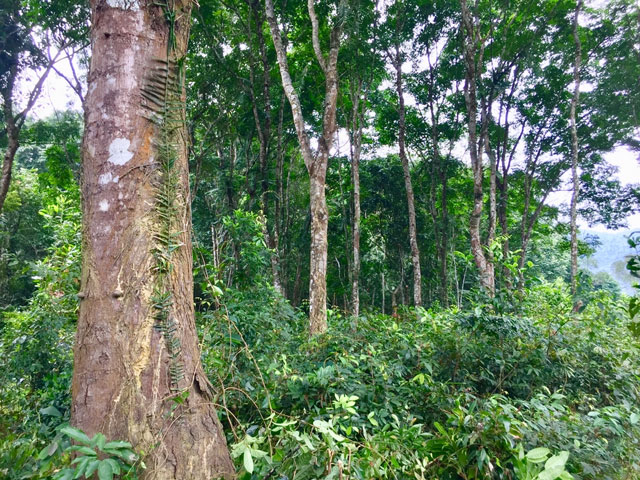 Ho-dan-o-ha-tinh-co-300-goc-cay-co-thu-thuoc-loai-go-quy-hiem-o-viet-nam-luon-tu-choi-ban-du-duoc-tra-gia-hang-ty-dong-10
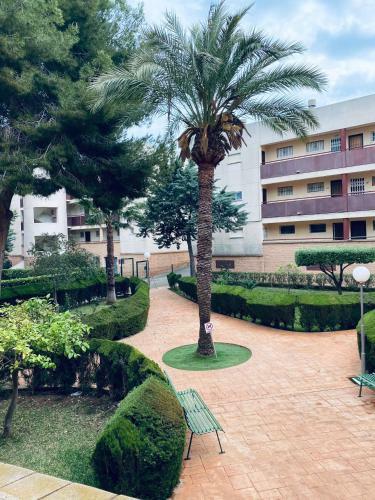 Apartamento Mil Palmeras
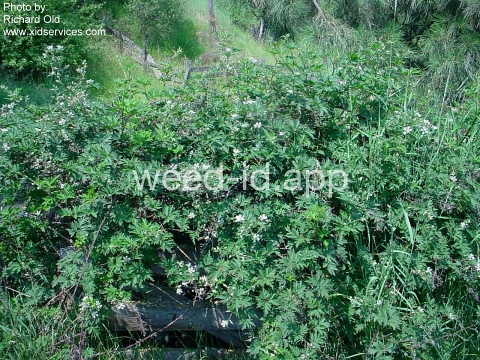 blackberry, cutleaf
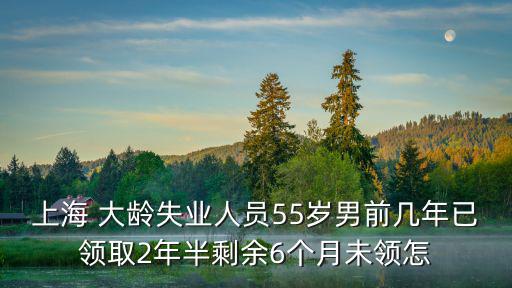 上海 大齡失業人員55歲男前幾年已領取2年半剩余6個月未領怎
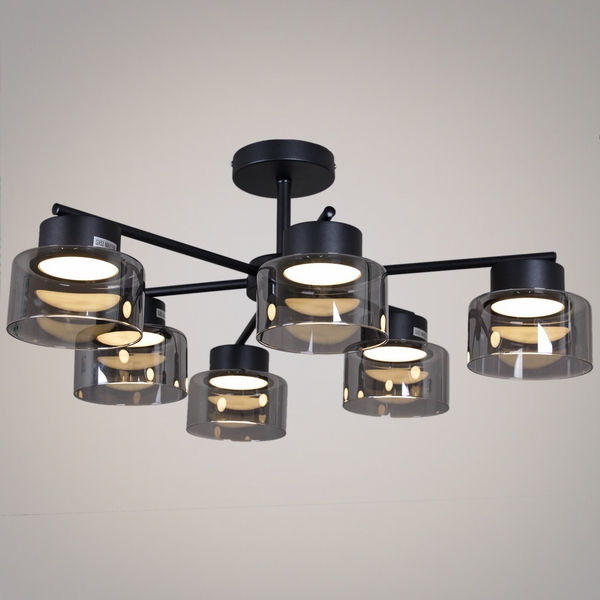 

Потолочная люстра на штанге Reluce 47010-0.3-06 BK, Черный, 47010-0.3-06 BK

...

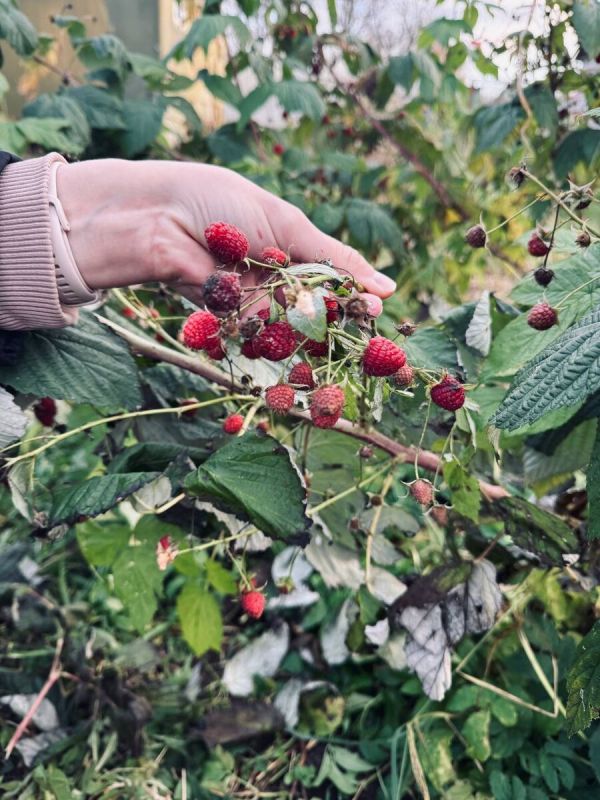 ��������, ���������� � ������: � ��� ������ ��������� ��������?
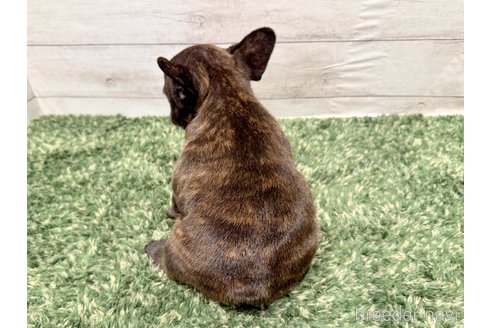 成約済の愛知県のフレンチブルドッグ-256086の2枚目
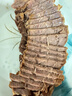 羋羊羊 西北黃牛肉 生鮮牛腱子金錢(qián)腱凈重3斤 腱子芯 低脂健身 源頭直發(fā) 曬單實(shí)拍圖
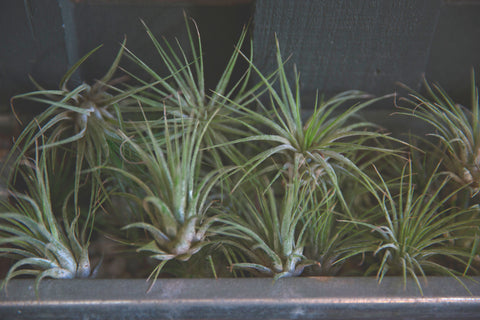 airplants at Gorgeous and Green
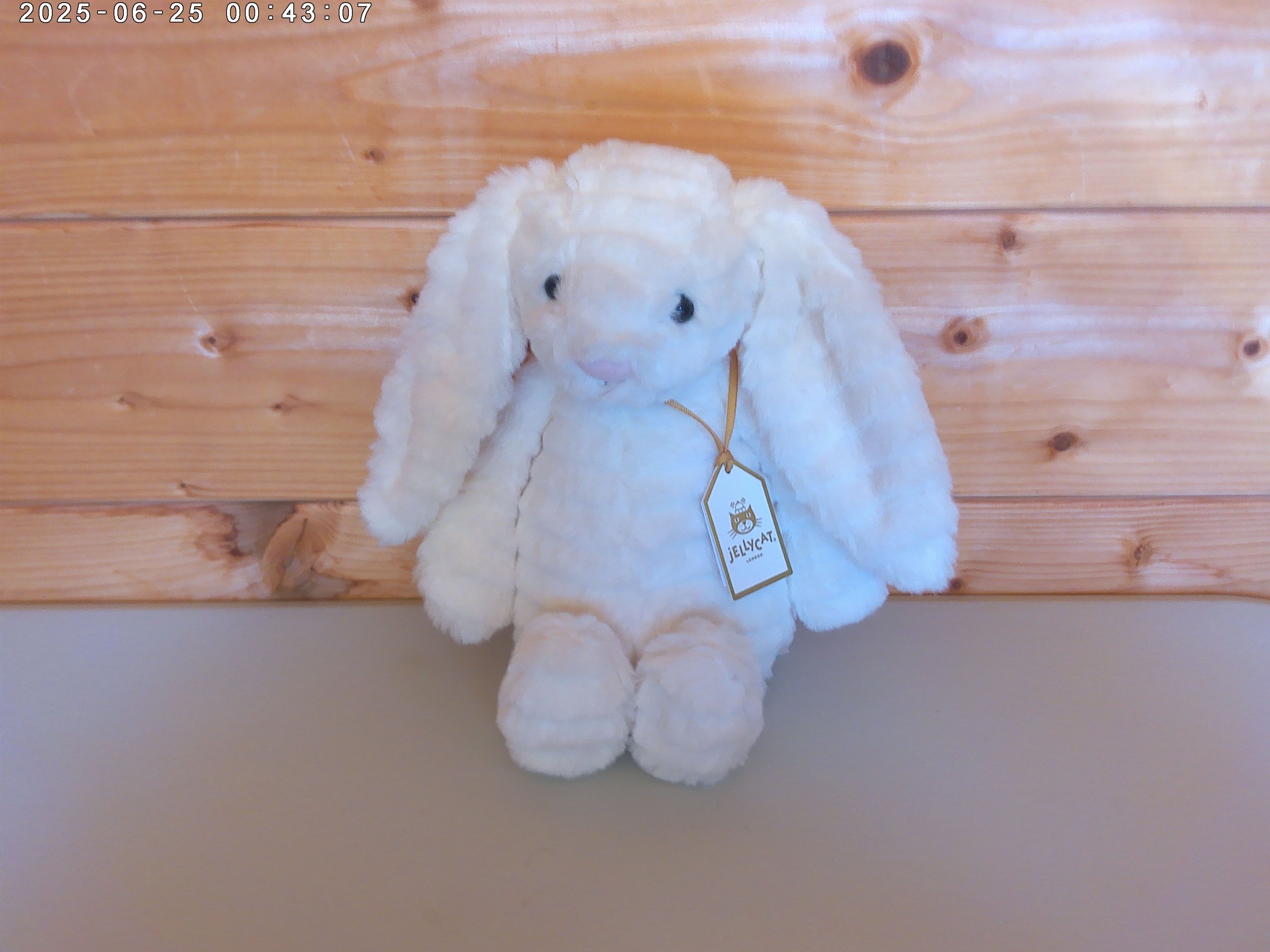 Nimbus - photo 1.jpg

* * *

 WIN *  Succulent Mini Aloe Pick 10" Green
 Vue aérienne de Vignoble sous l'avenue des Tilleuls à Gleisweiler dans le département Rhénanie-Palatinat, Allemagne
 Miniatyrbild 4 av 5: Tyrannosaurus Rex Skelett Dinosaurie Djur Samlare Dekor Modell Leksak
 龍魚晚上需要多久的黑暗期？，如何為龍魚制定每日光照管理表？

Directions for this task: Retype, exactly and in full, the lines above from the one containing "Succulent Mini Aloe" through the one containing "龍魚晚上需要多久的黑暗期？，如何為龍魚制定每日光照管理表？".

Solution to this problem:
 WIN *  Succulent Mini Aloe Pick 10" Green
 Vue aérienne de Vignoble sous l'avenue des Tilleuls à Gleisweiler dans le département Rhénanie-Palatinat, Allemagne
 Miniatyrbild 4 av 5: Tyrannosaurus Rex Skelett Dinosaurie Djur Samlare Dekor Modell Leksak
 龍魚晚上需要多久的黑暗期？，如何為龍魚制定每日光照管理表？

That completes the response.